Biotic and Abiotic Stressors in Plant Metabolism

by
Laura Cornara
1,*,
Manuela Mandrone
2 and
Antonella Smeriglio
3
1
Department of Earth, Environment and Life Sciences, University of Genova, 16132 Genova, Italy
2
Department of Pharmacy and Biotechnology, University of Bologna, Via Irnerio, 42, 40126 Bologna, Italy
3
Department of Chemical, Biological, Pharmaceutical and Environmental Sciences, University of Messina, Viale Ferdinando Stagno d’Alcontres 31, 98166 Messina, Italy
*
Author to whom correspondence should be addressed.
Int. J. Mol. Sci. 2024, 25(1), 121; https://doi.org/10.3390/ijms25010121 (registering DOI)
Submission received: 16 December 2023 / Accepted: 19 December 2023 / Published: 21 December 2023
(This article belongs to the Special Issue Biotic and Abiotic Stressors in Plant Metabolism)
Versions Notes
Plants are subject to a variety of biotic and abiotic stress that affect their metabolism, physiology, morphology, and growth. Nowadays, abiotic stress factors, high salinity, extreme temperatures, drought, mineral deficiencies, and soil contamination are all factors on which research has focused. Furthermore, adverse biotic factors, such as pathologies that are associated with microorganisms, together with attacks and interactions involving insects and herbivores and an increase in weed biomass, influence crop productivity, causing significant yield losses [1,2].
The mechanism of biotic and abiotic stress resistance in plants involves morphological, phytochemical, physiological, and molecular aspects. Among the various defensive strategies to tolerate adverse factors, there are alterations in anatomical features. For example, in many woody plants, root morphology and root system architecture can change to ensure plant survival under abiotic stresses [3]. In response to environmental stress, such as prolonged drought, plants can balance water uptake and transpiration by changing their leaf size, stomata density or cell wall thickness, waxy cuticle, cell density trichromes, etc. [4].

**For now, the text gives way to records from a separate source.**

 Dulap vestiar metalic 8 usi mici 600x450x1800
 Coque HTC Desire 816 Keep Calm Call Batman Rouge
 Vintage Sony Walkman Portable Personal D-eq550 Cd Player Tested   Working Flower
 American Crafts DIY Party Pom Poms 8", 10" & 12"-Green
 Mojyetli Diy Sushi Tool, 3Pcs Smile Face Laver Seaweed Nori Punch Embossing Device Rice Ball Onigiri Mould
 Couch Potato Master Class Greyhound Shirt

Moreover, a variation in the production of plant metabolites is also involved in the upregulation or downregulation of certain metabolic pathways to counteract stressful conditions. In this context, metabolomics is emerging as an interesting approach to evaluate the correlation between plant metabolites’ variations and environmental parameters, as demonstrated in the articles published in this Special Issue. In particular, the production of reactive oxygen species and metabolites, such as ascorbic acid, salicylic acid, jasmonic acid, terpenes, alkaloids, and polyphenols, trigger plant defense [5]. Another example is provided by the increased production of antioxidant compounds, especially flavonoids bearing catechol structures, to counteract the chilling stress in plant tissues due to a lowering in temperature during seasonal variation [6,7]. Water supply and soil features (i.e., clay content) are correlated to specific metabolomic variations in Sorghum bicolor L., affecting dhurrin (and related metabolites), amino acids, organic acids, and carbohydrate content in sorghum leaves. In addition, an increase in chlorogenic acid is registered as a consequence of predator attacks [8].

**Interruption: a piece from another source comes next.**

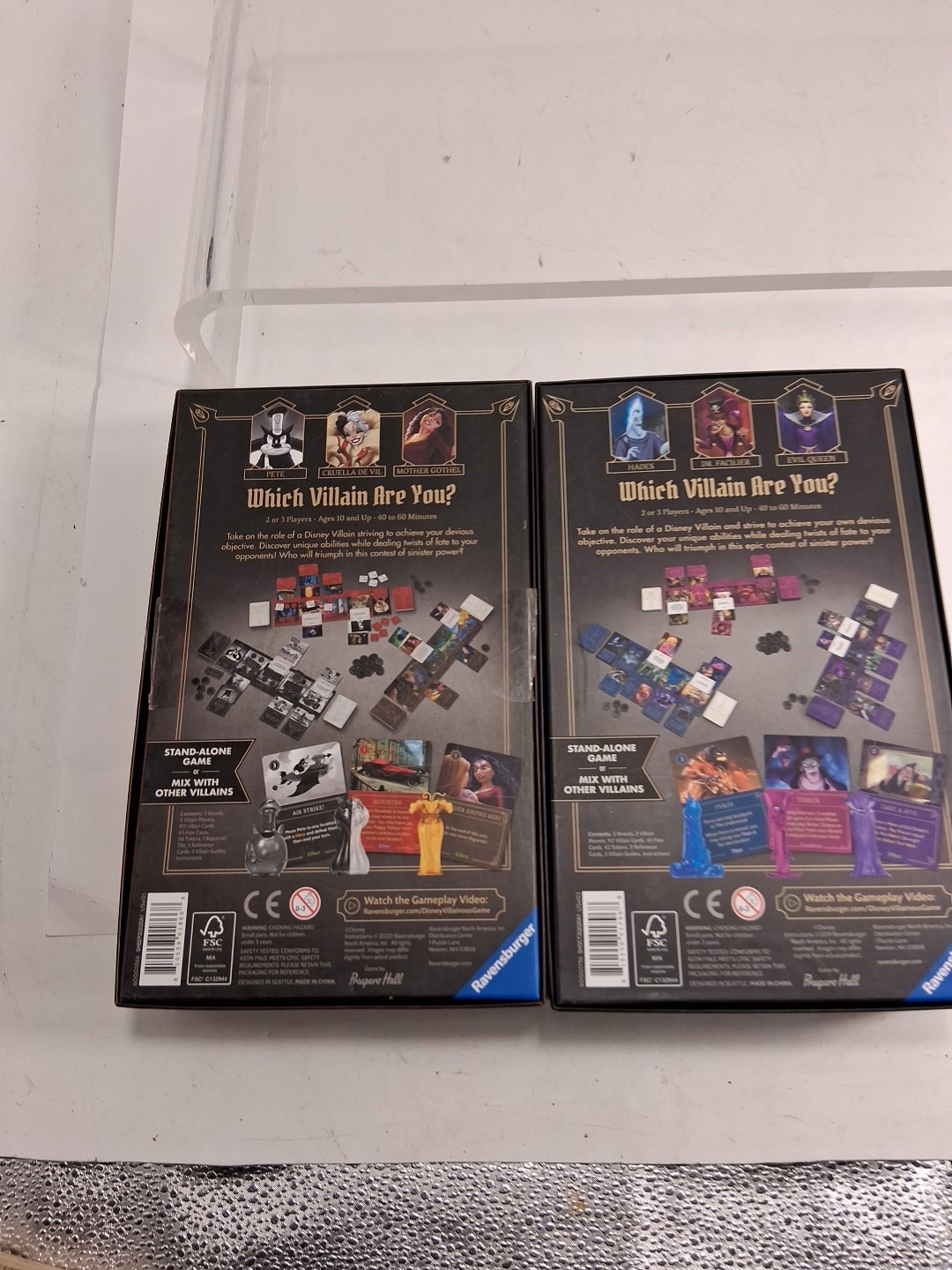 2 Disney Villainous Board Games Pretty Wicked & Wicked To The Core Read Descript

This Special Issue entitled “Biotic and Abiotic Stressors in Plant Metabolism” of the International Journal of Molecular Sciences includes a total of seven original articles providing new information about the most important factors involved in plant tolerance to environmental stress.
Cornara et al. [9] investigated the influence of pedoclimatic characteristics on the rare species Saponaria sicula Raf. which grows exclusively on the limestone cliffs of the Madonie and on the volcanic sands of Etna. A comparison between the plants grown in these two different sites highlighted that pedoclimatic conditions influenced the morpho-anatomical characteristics of these leaves. The leaves from Madonie, in fact, had a greater quantity of calcium oxalate druses in the mesophyll and a greater content of polyphenols, also confirmed by the different phytochemical profiles of these two extracts. These results were also in agreement with the biological activity tested, which indicated that the leaf extract obtained from plants collected in Madonie had the strongest antioxidant and anti-inflammatory activity.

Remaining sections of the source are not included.